[Records from a dataset]
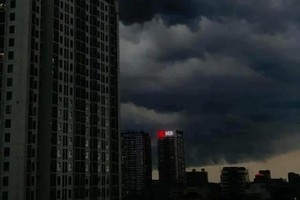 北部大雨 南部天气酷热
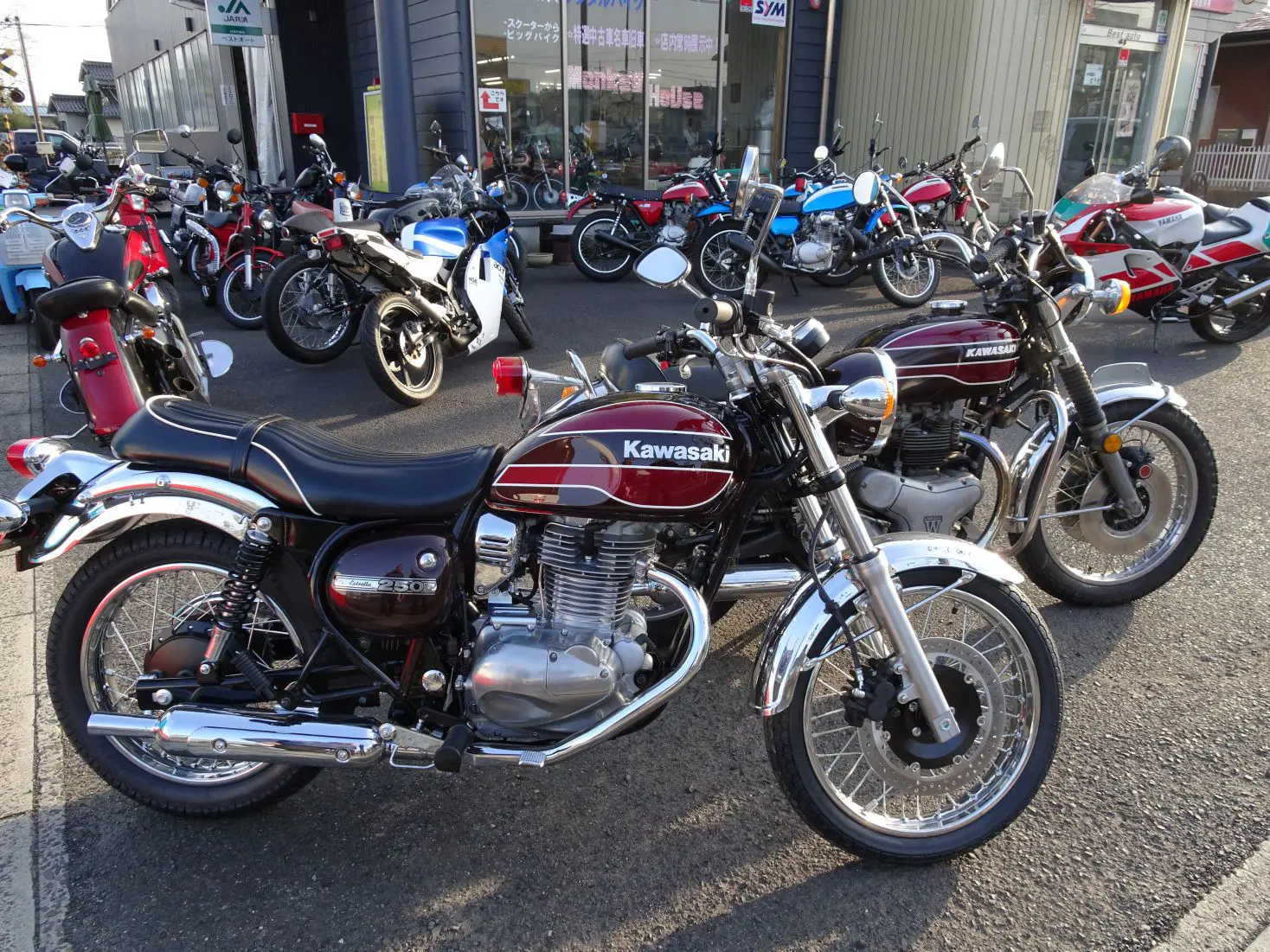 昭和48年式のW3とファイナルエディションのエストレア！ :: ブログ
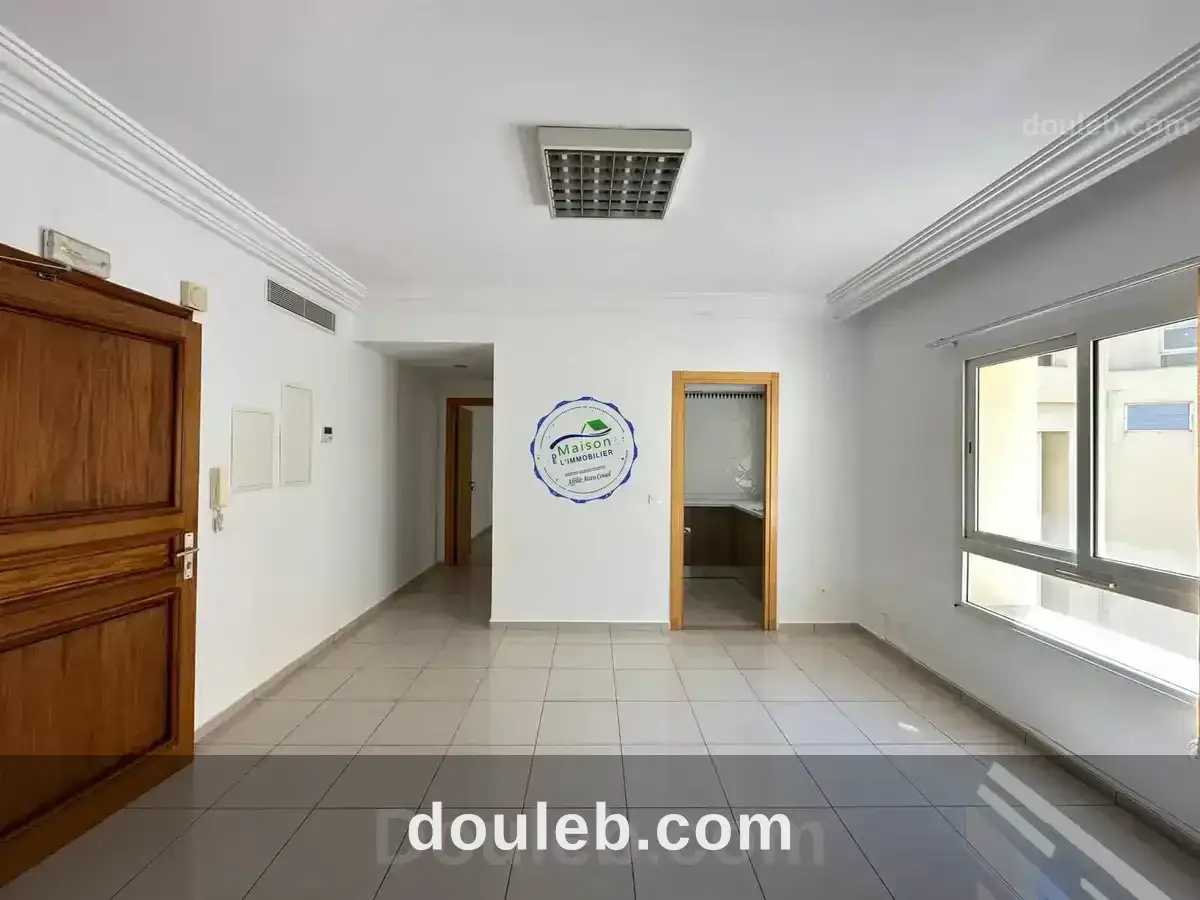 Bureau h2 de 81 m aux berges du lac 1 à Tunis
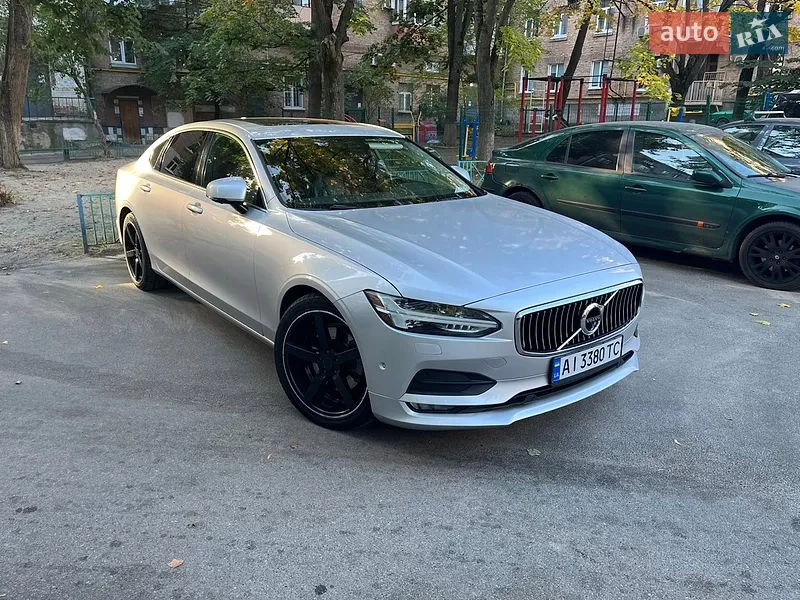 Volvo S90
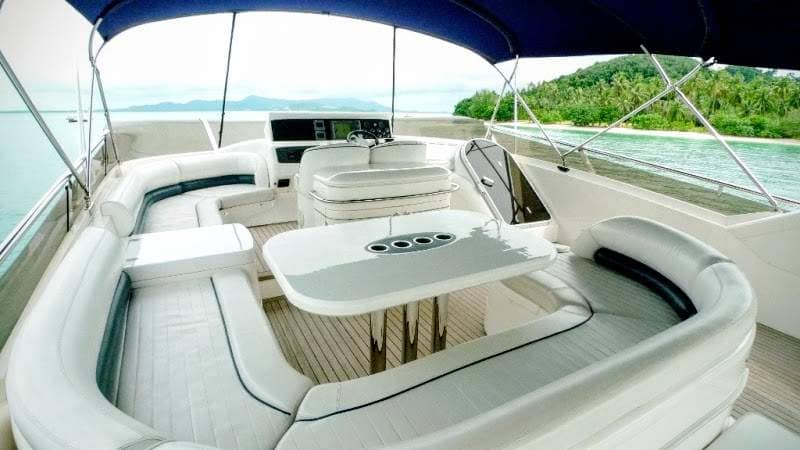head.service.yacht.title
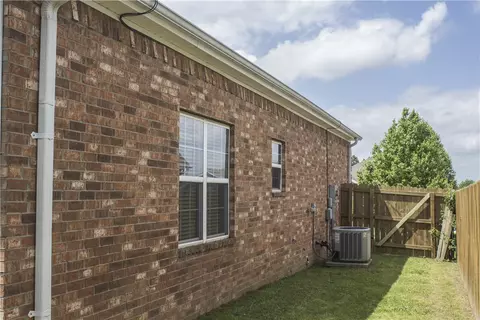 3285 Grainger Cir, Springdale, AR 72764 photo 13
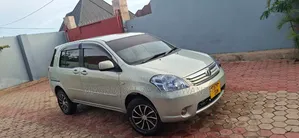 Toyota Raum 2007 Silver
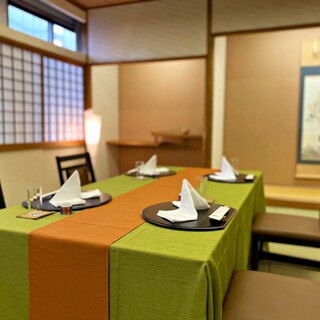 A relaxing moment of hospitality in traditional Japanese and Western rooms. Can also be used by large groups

[INSTRUCTIONS FOR THE TASK]: All lines from the line with "head.service.yacht.title" through the final line of the data, both included, are to be repeated exactly; no other lines and no pictures.

[RESPONSE BOX]:
head.service.yacht.title
 3285 Grainger Cir, Springdale, AR 72764 photo 13
 Toyota Raum 2007 Silver
 A relaxing moment of hospitality in traditional Japanese and Western rooms. Can also be used by large groups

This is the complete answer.